Leonard Mermel, a professor of medicine at the Alpert Medical School of Brown University, agreed.

"It would not make evolutionary sense for a pathogen to have 99% mortality towards its primary host," Mermel said. "If a pathogen killed just about all their hosts, it would be unlikely to pass on those genes, as the hosts would die and so would they."

Mermel added that in the case of deadly flus, humans often aren't the primary host of many viral flu strains.

"As is the case with avian (bird) flu infecting humans, mortality can be high — such as ~50% mortality with H5N1 infections in humans," Mermel said.

RELATED: HBO Max's must-watch "Station Eleven" brings comfort and joy after the eerily familiar apocalypse

And what about the fictional virus' lack of incubation time? Is it possible for a deadly flu to have no incubation time?

"Well, if there's no incubation time, that means from the moment of exposure to the moment of developing symptoms, that would be very, very brief," Schaffner said. "Now one of the things that that would do for the virus, that's to the virus' disadvantages, is that would immediately make that person sick and not able to get around as frequently — therefore, it would make it harder for the virus to spread."

Schaffner explained that COVID-19 and the flu usually are infectious for 24 hours or more before a person actually feels sick, allowing an infected person to move around and come into contact with people and spread the virus.
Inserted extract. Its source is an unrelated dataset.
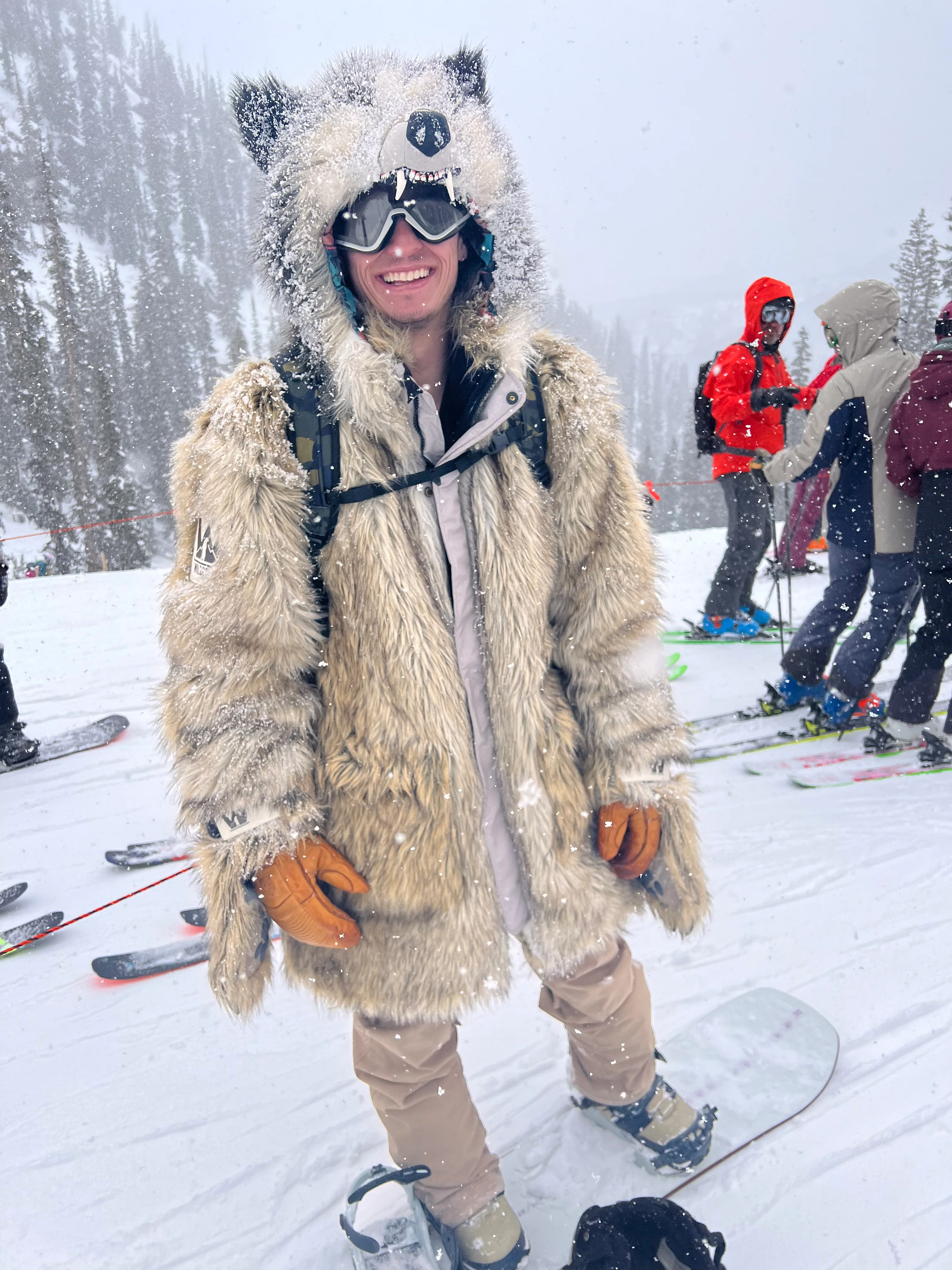 THE WILD WOLF COAT, v5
Mermel agreed that the idea of no incubation period "does not make sense."

"An infectious agent such as a respiratory virus like flu must be deposited on a mucous membrane (mouth, nose, eyes) and then invade a susceptible cell, utilize its genetic material to build many virions in that cell, then release those viruses to infect other cells, etc.," Mermel said. "So this takes time accounting for what we call an incubation period."

Mermel said that the only way to avoid an incubation period from an infectious agent is via "toxin production."

"Some forms of food poisoning such as from staph or bacillus cereus occur just hours after a contaminated meal due to the effect of the toxin rather than the bacteria infecting cells and reproducing and infecting others cells and so on," Mermel said. "However, toxin production to the best of my knowledge is not part of human viral infections."

Monica Gandhi, an infectious disease doctor and professor of medicine at the University of California–San Francisco, agreed.

"There is always an incubation period," Gandhi said. "I can't see this ever happening."

In other words, doomsday preppers shouldn't see "Station Eleven's" Georgia flu as a prophecy. The fictitious flu virus fails the realism test.